Because of the previous considerations and our past experience, the use of python scripts did not seem to us to be adapted for a sufficiently versatile integration.
Two options were then available to us thanks to the API available in the Abaqus software distribution, either to use the python API or to use the C++ API. We naturally chose the C++ API, because our software code is also in C++, but also for performance reasons.
In order to meet the needs of the EikoTwin software suite, which is to perform the correlation with the Abaqus simulation model, we must be able to :
- to read in the INP input file, the finite element mesh, the material orientations assigned to each element in order to be able to express the deformations in this local reference frame, the boundary conditions, the materials and the calculation steps;
- to rewrite the modified INP file;
- to read the simulation results contained in the odb file;
- to rewrite an odb file.
First, the fact that we have to read an input file and a result file implies that we have to be able to assign these results to the nodes and elements of the internal mesh format used in our software. Therefore, it is critical to maintain the information of the original node and element numbers read into the NPI.
Secondly, having to modify the model and rewrite it requires storing the structure and information of the input file. For this we used a storage tree that allows us to modify nodes of this tree and to be able to simply rewrite what has not been modified.

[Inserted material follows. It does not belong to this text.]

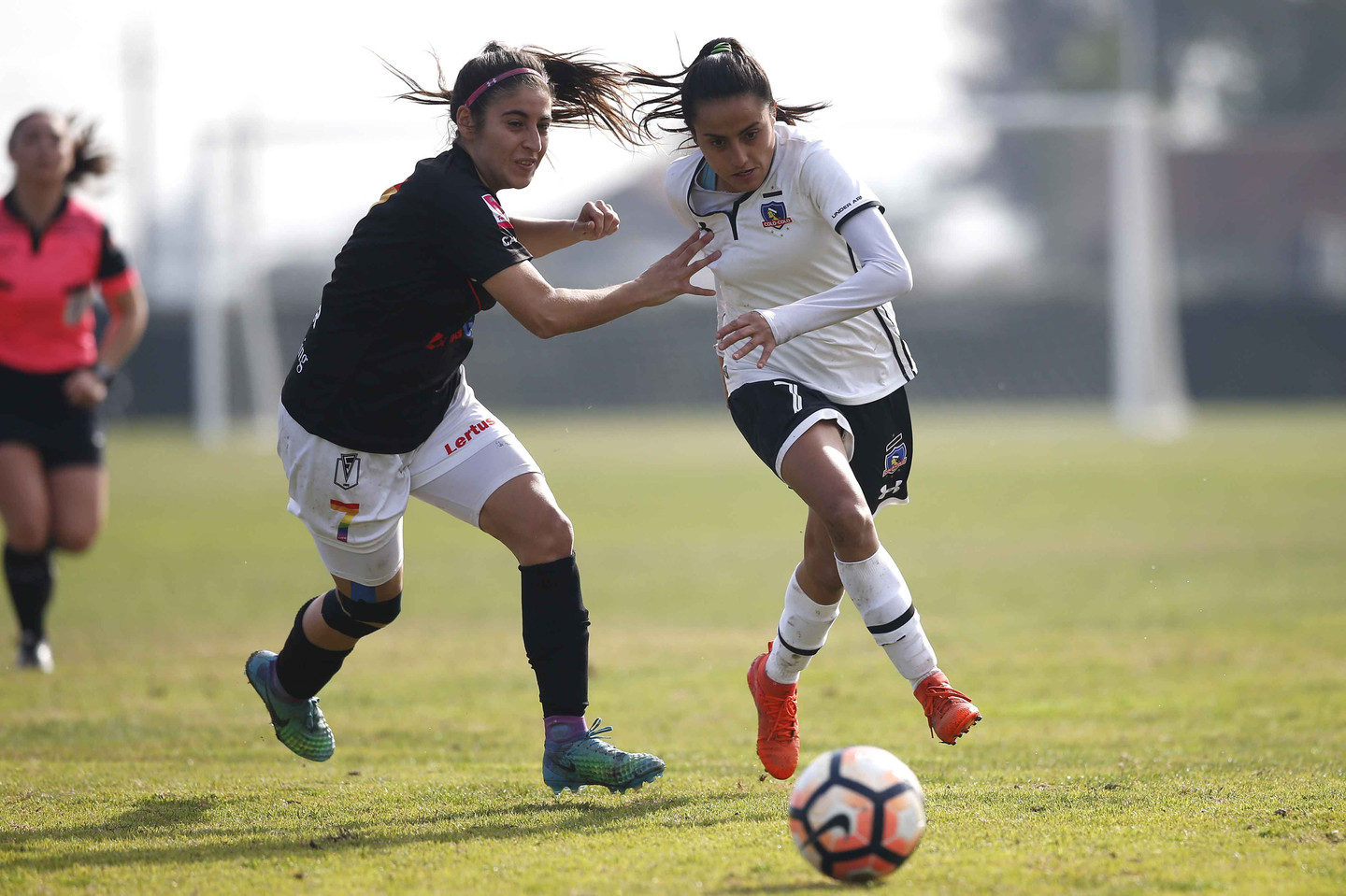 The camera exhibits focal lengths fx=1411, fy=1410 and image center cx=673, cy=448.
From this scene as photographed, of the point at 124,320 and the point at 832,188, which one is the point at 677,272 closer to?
the point at 832,188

Other technical needs are added to this, in particular we need to be able to :
- distribute our software suite without explicitly linking it to Abaqus, but that the final client be able to use our C++ API overlay with its Abaqus installation;
- manage different versions of Abaqus present at our customers’ sites;
- manage other solvers later on (and in particular formats linked to Hyperworks, Samcef…).
The advantage of using the C++ wrapper coded by us is that we can compile a static library for each version of Abaqus. This allows us to determine at runtime which version of Abaqus the client is using and to use the dlls of his installation.
What does the result look like?
After a few years of development and many lines of code, our integration with Abaqus via its APIs and our parser is still perfectible, but has already solved many customer cases. Among the latest developments, the driving of sensitivity studies in Abaqus allows users to use the solver as a “black box” and to estimate which model parameters can be identified on a given test. The figure below summarizes the connections already possible.
Next steps on the roadmap for a better correlation to your Abaqus simulation? The connection to simulation servers (a challenge: they are usually under Linux and our software is Windows-only) and the adequate use of shell elements for the DIC and the test/simulation comparison, which are essential for large structure simulations.